А это именно так, о чем моя мать не догадывается. За что, то есть за таблетки, огромное спасибо маме моей одноклассницы и лучшей подруги Ники. Нет, она не Вероника, как вы могли бы подумать. Она Николь. А ее младшую сестру зовут Мишель. Коля и Миша. Их мать во время беременности, по всей видимости, тоже была не в себе. А чего еще ожидать от психотерапевта? Точнее, сначала мама Ники была обычным врачом-терапевтом, работала в районной поликлинике, а потом переквалифицировалась в психотерапевта, теперь, кажется, занимается арт-терапией. Не важно. Важно, что она сохранила рецептурные бланки, все время спрашивает у нас с Никой, не хотим ли мы сменить пол, нужно ли обращаться к нам «они», или вдруг мы считаем себя небинарными личностями. А может, мы испытываем влечение друг к другу? Нет? Елена Ивановна, так зовут маму Ники, смотрит на нас как на подопытных кроликов – с нескрываемым, исключительно научным интересом и некоторой брезгливостью. Но я уважаю ее за практическую жилку. Ну представьте, у нее больше подписчиков в соцсетях, чем у всех наших одноклассников, вместе взятых. И куча клиентов, готовых платить за сеансы. А сеансы у Елены Ивановны отличаются разнообразием и удивительной, просто прекрасной тупизной формулировок: «Как сделать так, чтобы время шло быстрее», «Как вести себя с людьми, которые вас не любят».
Как-то я неосторожно заметила, что Елене Ивановне пора ввести новые «как» в свой репертуар – как сварить яйца вкрутую или удалить пятна с белых кроссовок. И даже не удивилась, когда на сайте Никиной родительницы появились новые рубрики. Надо отдать ей должное – с поправкой на психотерапию: «Как сварить яйца вкрутую и прокачать свое терпение», «Как удалить пятна с белых кроссовок, думая о хорошем». Ника, когда я искренне восхищаюсь ее матерью, закатывает глаза так, что мне становится страшно, – моя подруга мастерски овладела этим навыком, закатывая глаза так, что становятся видны белки.

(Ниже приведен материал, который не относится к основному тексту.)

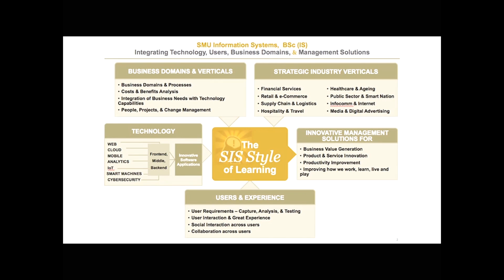And we take the innovative software and technology, we put it together with users and experience, we put it together with business domains and verticals. And by verticals, that might be things like health and aging, smart nation, financial services or logistics travel. You see the different examples of sectors in that little box there.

У Ники своя детская травма, о которой ее мать-психолог даже не догадывается. Едва моей подруге исполнится восемнадцать, она твердо намерена сменить имя, фамилию и отчество. Я ее понимаю и поддерживаю как могу, хотя, как мне кажется, ей все же стоит попросить у матери рецепт на антидепрессанты. Если я – иногда говорящая тумбочка, то она – Николь Майклововна Шпоркина. Ее отца зовут Миша, Михаил, но Елена Ивановна тоже что-то читала во время беременности, поэтому Миша превратился в Майкла. И Ника получила отчество Майклововна, а не Михайловна. Ладно, моя подруга еще Николь Майклововна, но ее сестра за что страдает? Мишель Майклововна Шпоркина. Михалмихална? Фамилия, кстати, тоже говорящая. Елена Ивановна, в девичестве Романовская, менять фамилию на мужнину категорически отказалась. А дети, да, пусть страдают. С отцовской фамилией ходят. Елена Ивановна рассказывала, что отец ее детей был удивительным, просто показательным скандалистом. Мог на пустом месте устроить истерику. Придирался ко всему – пыль на косяке входной двери. Не так заглажен воротничок рубашки. Не там стоят тапочки, не так сложены футболки, не та зубная паста, не тот вкус отварной картошки. Шпоркин мог жить только в состоянии скандала. Елена Ивановна говорила, что он был настоящим, классическим абьюзером. Если всем было хорошо, ему тут же становилось плохо, и он портил всем настроение придирками. В день рождения, в другие праздники непременно закатывал скандал, после которого праздновать уже не хотелось. А он, довольный, требовал, чтобы все веселились и улыбались. Елена Ивановна каждый месяц давала Шпоркину повод для новых скандалов, требуя алименты. Он высчитывал копейки, желал видеть скрины чеков, вел жаркую переписку, попрекая «нецелевым расходованием средств». Елена Ивановна, выторговав лишние сто рублей, ходила изможденная, но счастливая.